This coming from a guy who was trained by secret ninja warrior monks.


----------



## hoshin1600 (Jan 20, 2018)

Frank Dux said:


> Wow… does the word hubris register. Hoshin I often wonder why people hide behind an alias and I think your reasons are self evident when your commentary here is just aimed to slight and dismiss me.  It has nothing to do with discussing the REAL issues raised.
> 
> Case in point, self professed ninjutsu and kung fu schools in their DVD courses slight MMA training or use the kill or be killed to excuse themselves from not participating in any form of full contact competition. They use the my techniques can't be altered and would kill argument.
> 
> ...


i see your missing my point.   we all know there are charlatan's out there. this is not news to us. we already were quite aware of the fallacy of no touch knockouts and magic chi balls. the list of these people and their beliefs are endless in absurdity.  so the question is ok  ...now what ?,,, no one here thinks this is true. what was your point?  is there something you wanted to delve into on this?  there will be no takers on challenging you on this being true or not  so what now..?


----------



## Midnight-shadow (Jan 20, 2018)

hoshin1600 said:


> i see your missing my point.   we all know there are charlatan's out there. this is not news to us. we already were quite aware of the fallacy of no touch knockouts and magic chi balls. the list of these people and their beliefs are endless in absurdity.  so the question is ok  ...now what ?,,, no one here thinks this is true. what was your point?  is there something you wanted to delve into on this?  there will be no takers on challenging you on this being true or not  so what now..?
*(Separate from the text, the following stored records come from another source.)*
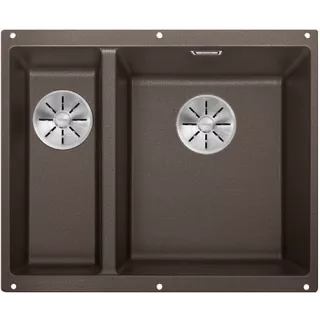 BLANCO SUBLINE 340/160-U Silgranit kawowy prawa, InFino...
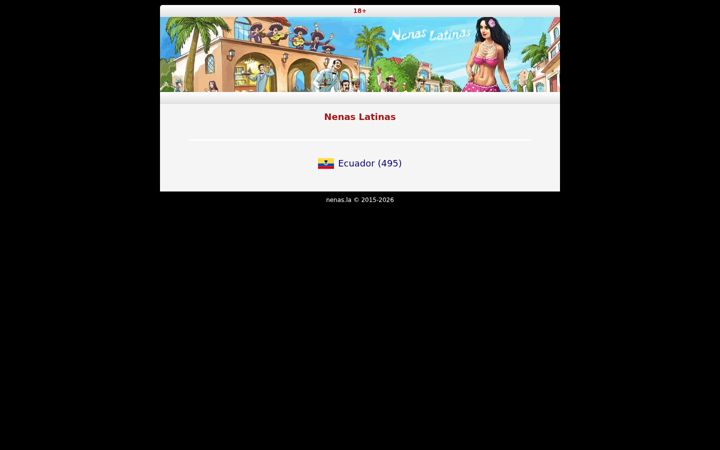 Screenshot of nenas.la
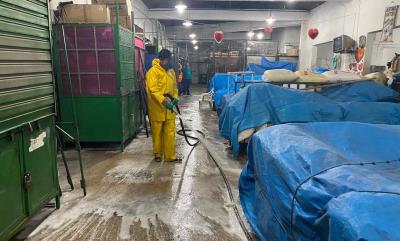 Guamá recebe ação de limpeza para prevenção da covid-19
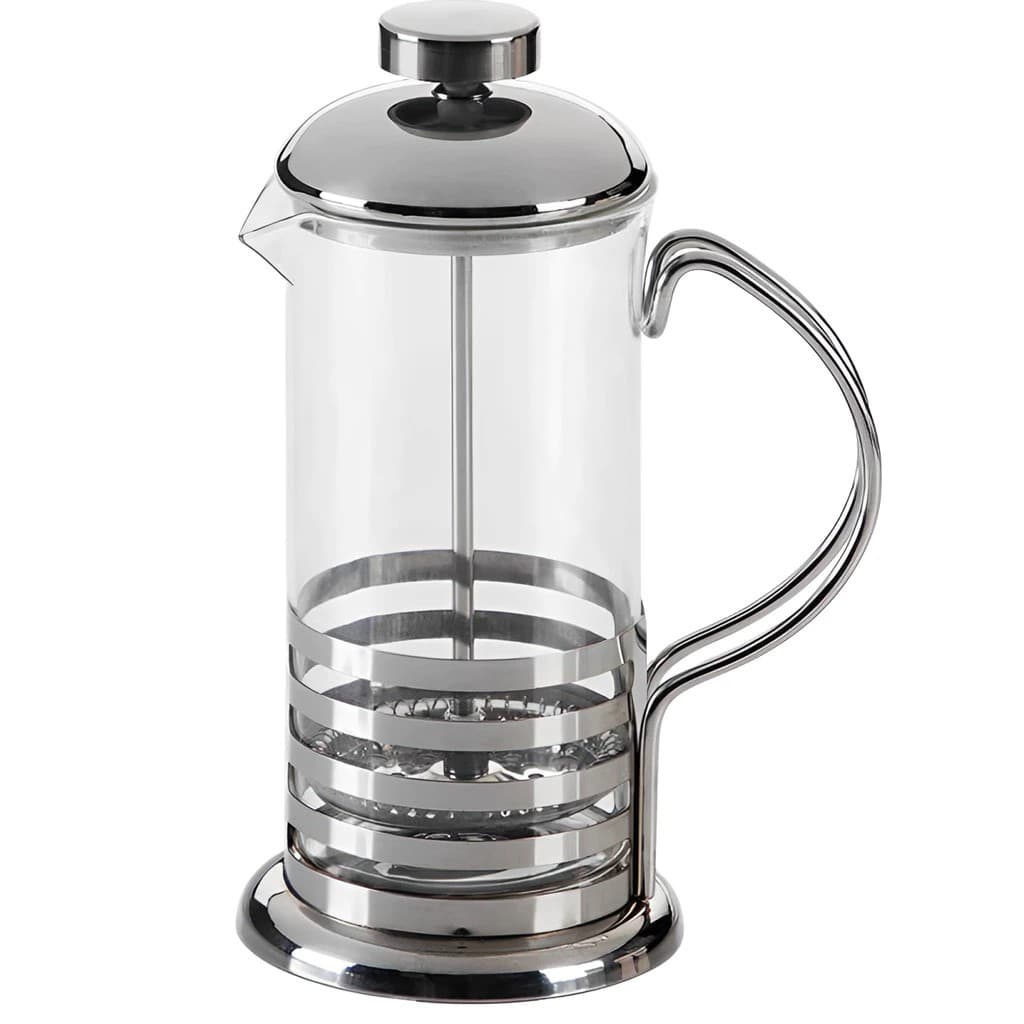 Cafeteira Prensa Francesa Cremeia Em Vidro E Aço Inox 800ml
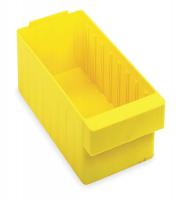 2KWB3 Shelf Bin, L 11 5/8, W 5 9/16, Yellow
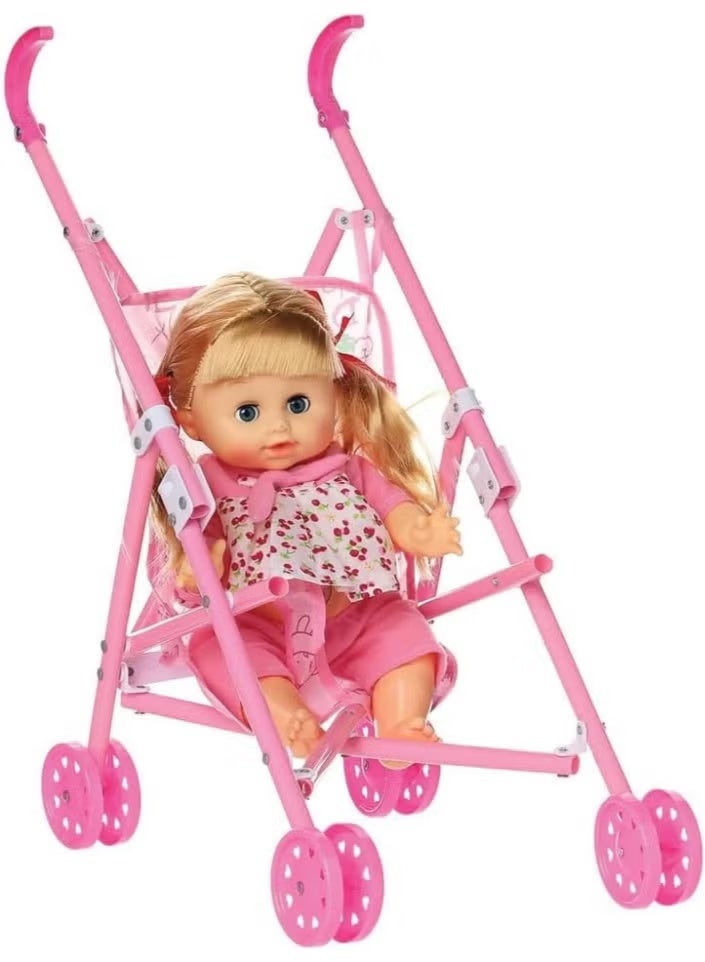 A cute baby doll with a stroller, potty, and diaper – a fun toy that stimulates children's imagination and provides a fun-filled play experience 👶🍼 - Image 3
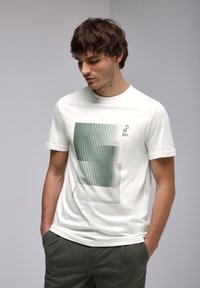 Street One MEN Triko s potiskem - weiß
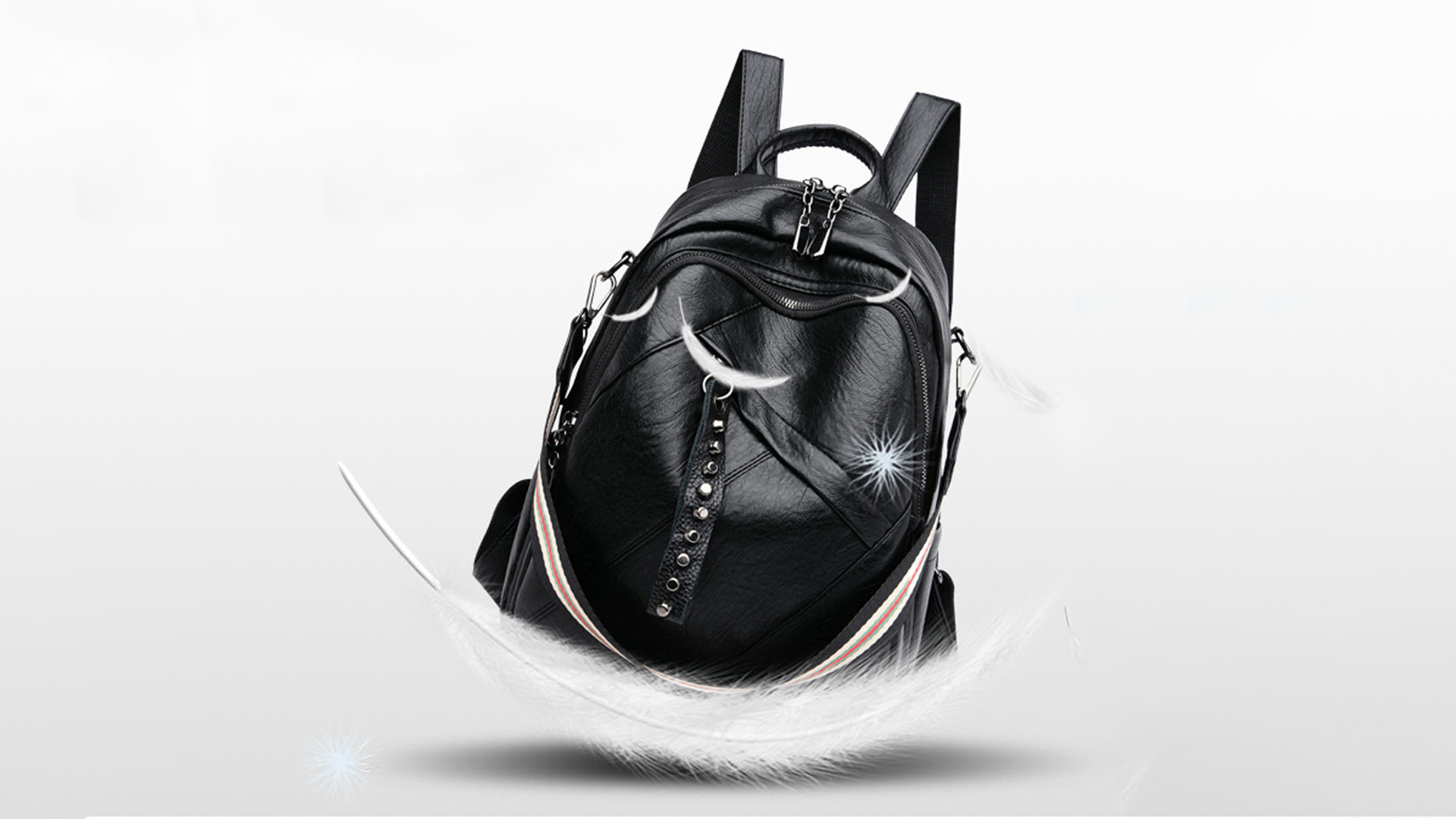 Zaino Donna Elegante BUKESIYI - Borsa A Tracolla Antifurto In Pelle PU Per Tutti I Giorni - Foto 12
I feel that the term "preaching to the choir" applies very aptly here.


----------



## Frank Dux (Jan 20, 2018)

hoshin1600 said:


> actually i am challenging your opinions and observations.  your posts so far are non issues.  the fact is ...your posting on a web sight that has maybe 50 regular members who post.  your posts are not bringing anything new to the table.  your myths are obvious to us.  now if you want to present it in an original way with a deeper level of nuance then fine, im all on board.   but the method your using of the Fact VS Fiction is white belt level thinking.  i think the posters here are better than that.  i am not trying to be argumentitive about it but your post is better suited to the naive beginners or even people outside of MA.   i will assume that you have been training for a long time based on your identity.  i would think your level of experience and understanding would be better than a 10 year old.
> lets pass on trying to dispel basic myths, we all know there are no green people living at the center of the earth.



Wow… does the word hubris register. Hoshin I often wonder why people hide behind an alias and I think your reasons are self evident when your commentary here is just aimed to slight and dismiss me. It has nothing to do with discussing the REAL issues raised.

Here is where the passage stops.